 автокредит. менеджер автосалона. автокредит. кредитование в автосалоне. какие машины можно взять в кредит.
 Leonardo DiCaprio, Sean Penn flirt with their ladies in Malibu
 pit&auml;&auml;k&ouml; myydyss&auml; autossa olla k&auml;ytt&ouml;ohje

* * *

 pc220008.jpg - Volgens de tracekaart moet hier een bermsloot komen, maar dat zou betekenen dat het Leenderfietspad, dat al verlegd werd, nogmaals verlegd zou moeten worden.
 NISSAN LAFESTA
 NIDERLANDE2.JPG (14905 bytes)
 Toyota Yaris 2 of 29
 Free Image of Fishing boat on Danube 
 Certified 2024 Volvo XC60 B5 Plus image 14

* * *

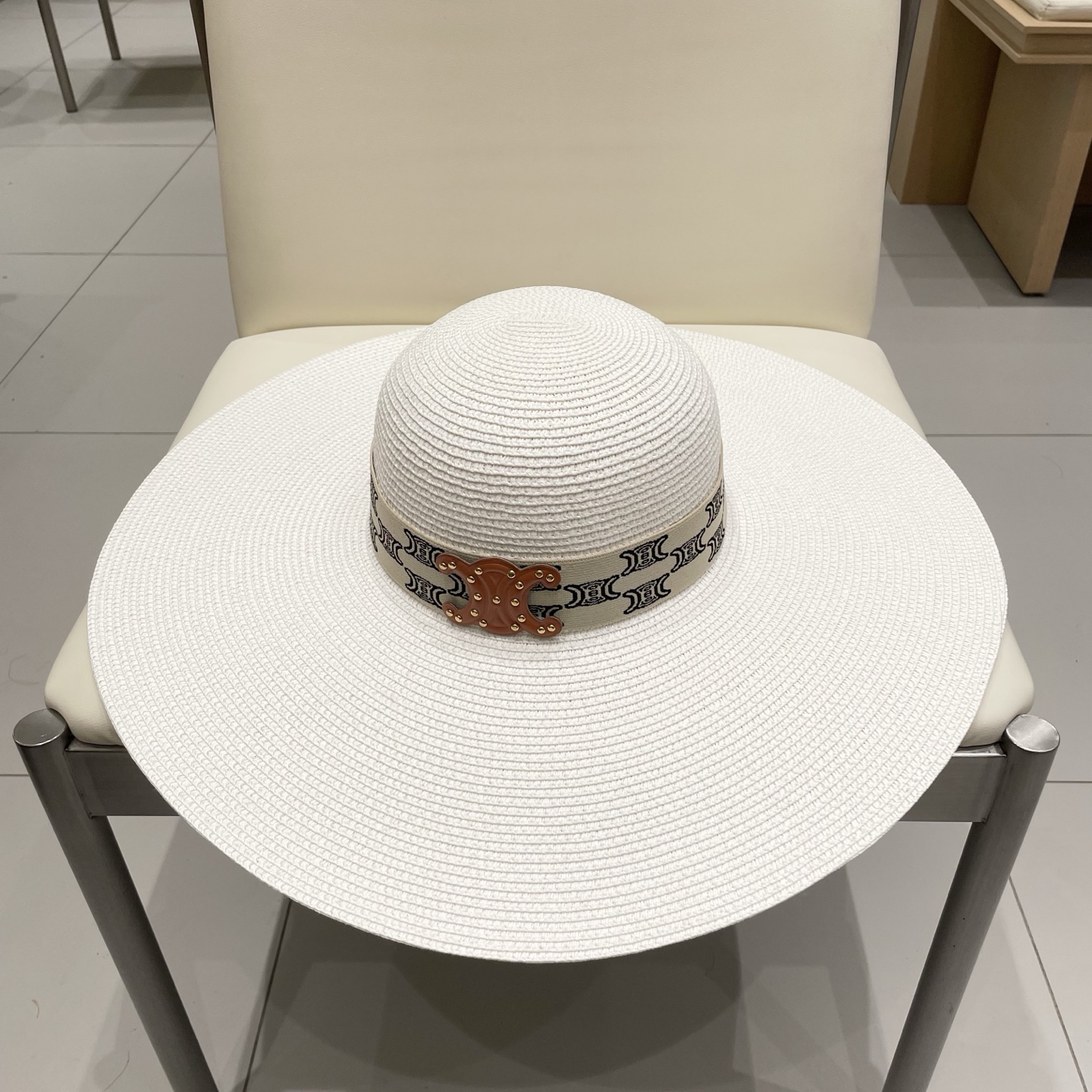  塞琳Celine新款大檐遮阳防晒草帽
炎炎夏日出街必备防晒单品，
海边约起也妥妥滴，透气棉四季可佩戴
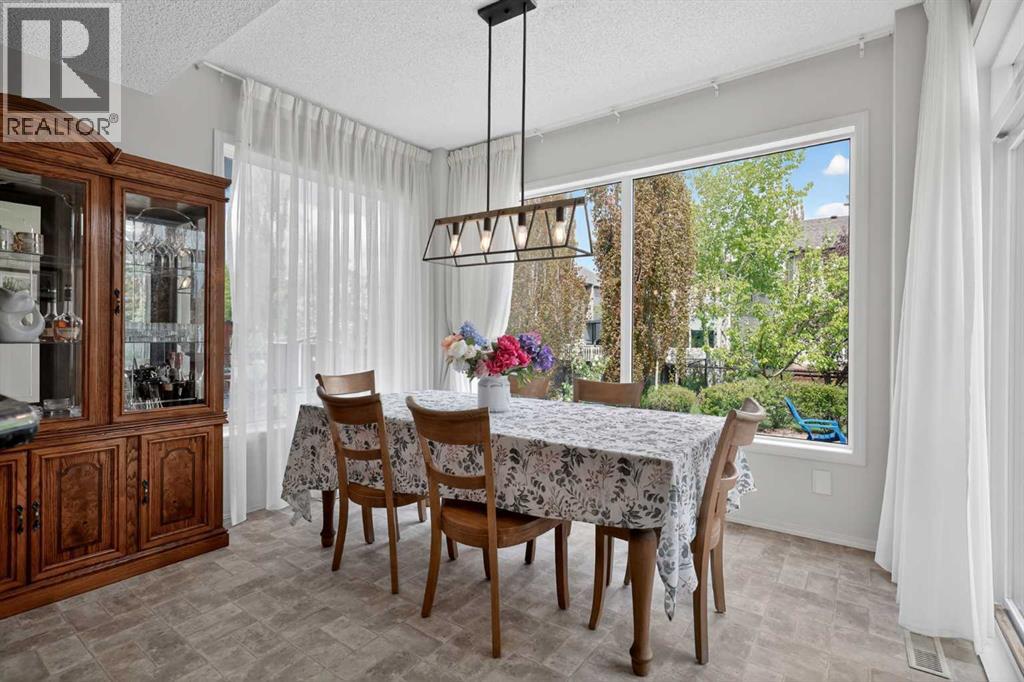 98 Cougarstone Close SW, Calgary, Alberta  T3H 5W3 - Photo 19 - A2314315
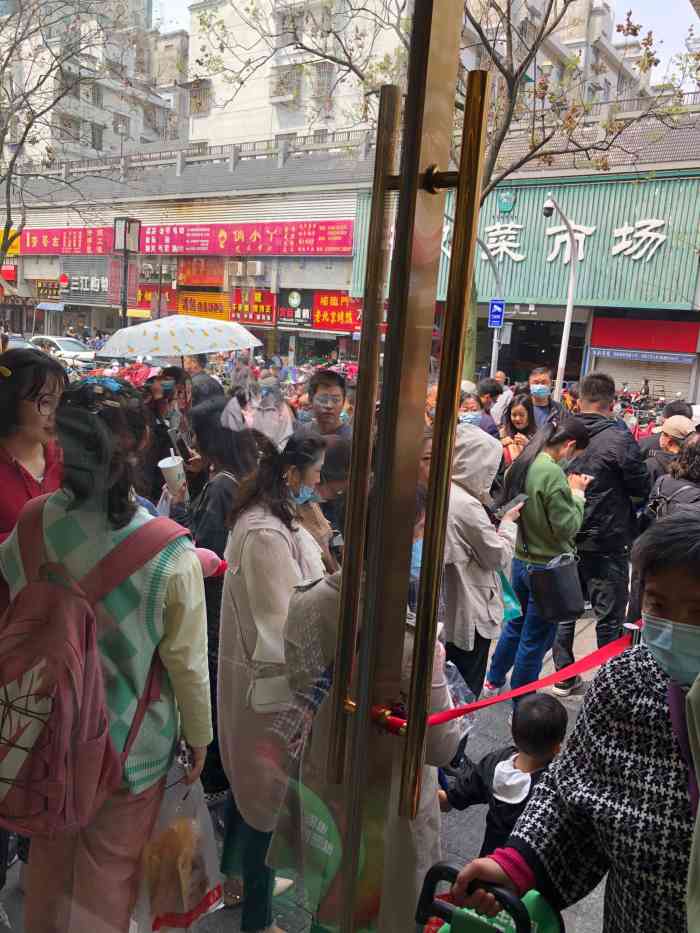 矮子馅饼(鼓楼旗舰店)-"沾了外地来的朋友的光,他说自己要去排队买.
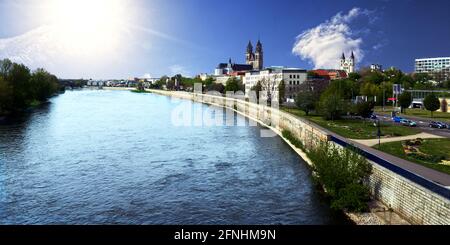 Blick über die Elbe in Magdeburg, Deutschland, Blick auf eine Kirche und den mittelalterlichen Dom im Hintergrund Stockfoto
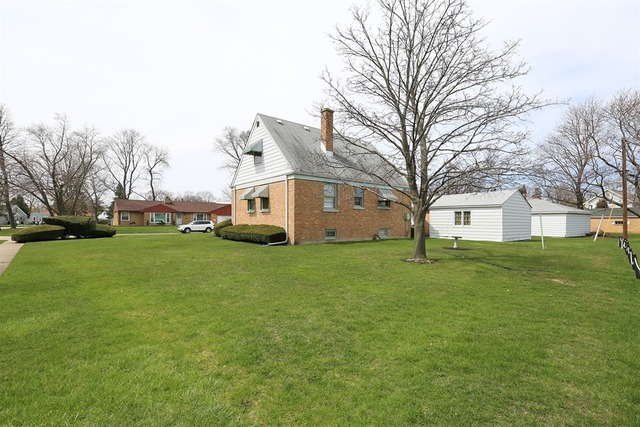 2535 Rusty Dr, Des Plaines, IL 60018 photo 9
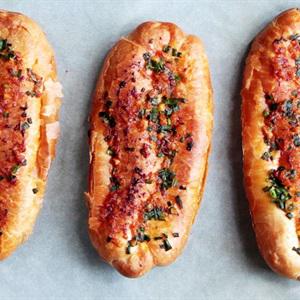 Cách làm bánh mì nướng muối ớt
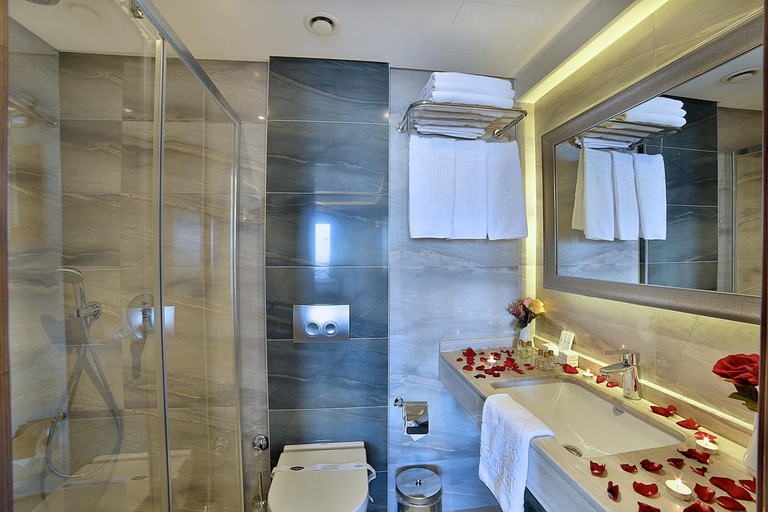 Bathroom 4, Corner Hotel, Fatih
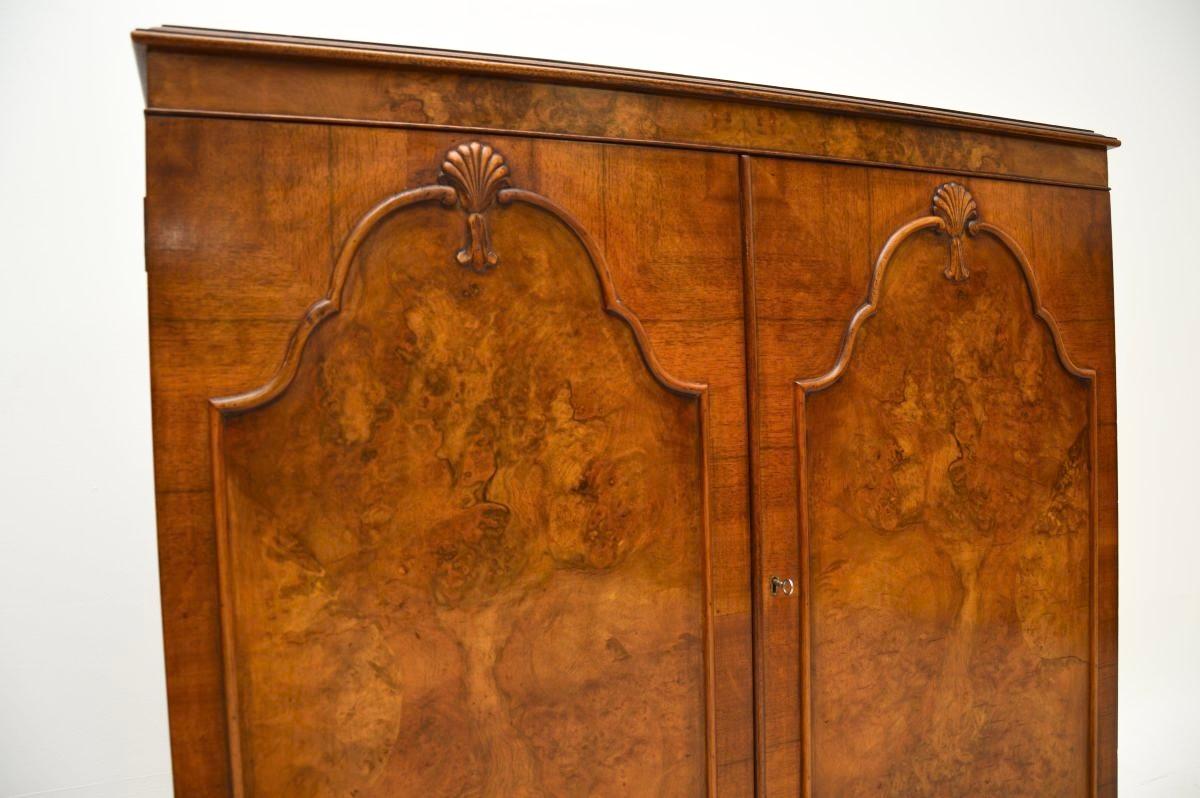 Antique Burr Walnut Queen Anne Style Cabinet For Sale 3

What this task involves: Output exactly the lines above, from the line with "炎炎夏日出街必备防晒单品，" to the line with "Antique Burr Walnut", both included; skip the pictures.

Solution to this problem:
炎炎夏日出街必备防晒单品，
海边约起也妥妥滴，透气棉四季可佩戴
 98 Cougarstone Close SW, Calgary, Alberta  T3H 5W3 - Photo 19 - A2314315
 矮子馅饼(鼓楼旗舰店)-"沾了外地来的朋友的光,他说自己要去排队买.
 Blick über die Elbe in Magdeburg, Deutschland, Blick auf eine Kirche und den mittelalterlichen Dom im Hintergrund Stockfoto
 2535 Rusty Dr, Des Plaines, IL 60018 photo 9
 Cách làm bánh mì nướng muối ớt
 Bathroom 4, Corner Hotel, Fatih
 Antique Burr Walnut Queen Anne Style Cabinet For Sale 3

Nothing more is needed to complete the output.